And it was a bunch of these weird virtue signaling male feminist types that were adding, with atheism, adding a group of core values.
douglas murray
Oh, wow.
joe rogan
About, you know, being anti-discrimination, anti-sexist, anti-racist.
douglas murray
Their own Ten Commandments.
joe rogan
Yes.
And so they called it Atheism Plus.
And I remember watching this guy give this speech, this fucking boring speech, on this sort of establishing this idea that because you don't have a religion, so we're going to be atheists, but with plus, we can establish sort of a moral framework.
douglas murray
Well, it's totally understandable.
And a disaster, of course.
joe rogan
Even if the ideas are good, it's like you're putting it in an ideology.
You're creating a dogma.
douglas murray
All those new atheists who sort of started off in the 2000s, Sam Harris and others, in my experience, they all got a little bit nervous about what was on their shoulders.

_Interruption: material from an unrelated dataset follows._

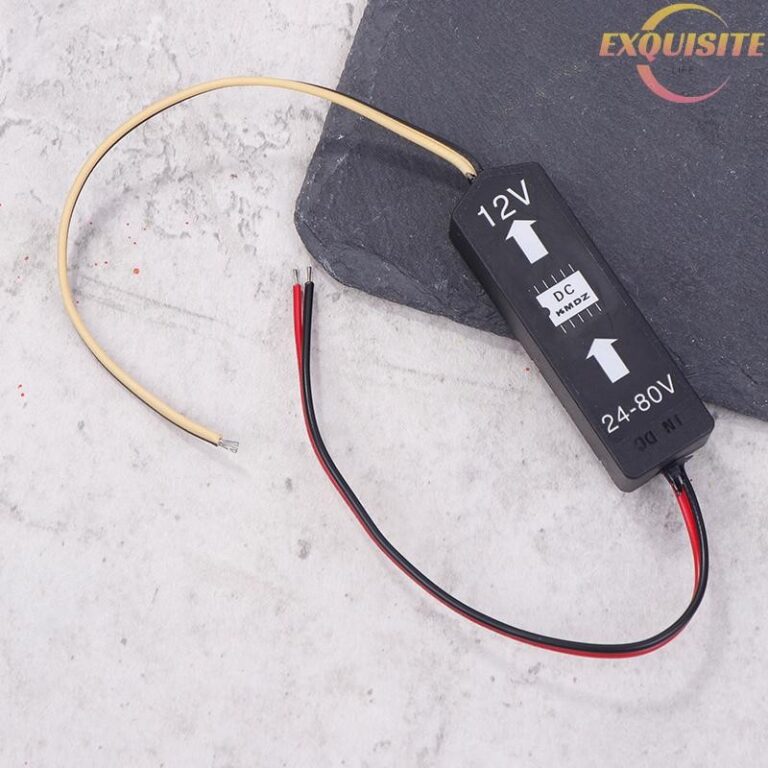 [EL] Conversor Transformador 12V 24V ~ 80V Para Sc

Christopher Hitchens certainly did.
He started, I think, latterly in his life to get a little bit nervous about what was happening.
I remember once asking him what He said people were starting to ask him to officiate at their weddings.
Yeah, and that was like, he didn't say anything of what he said was wrong.
He still obviously believed everything he believed.
But that's a slightly troubling...
It's a place to be in because you start to sense people are wanting you to replace the vicar or the priest.
And that's not the point.
Then you're in life of Brian territory, aren't you?
You should all think for yourselves.
Yes, we all think for ourselves.
It was always a problem of atheism.
It was an invitation to not do one thing.
But nothing follows from it as to how you should live your life.
It's the start of something.
It's not by any means a beginning of a policy.
joe rogan
Do you think that's just an inherent thing about being a tribal primate, that we have this desire to have someone wiser, a leader, and then even better, if you can have a godlike figure who gives you a set of rules that you have to follow, or they're...
Horrendous consequences, and it keeps everyone in line.
douglas murray
Yeah, absolutely.
In the 2000s, I started to think, if somebody came along and declared prophethood at the moment, they could do quite well.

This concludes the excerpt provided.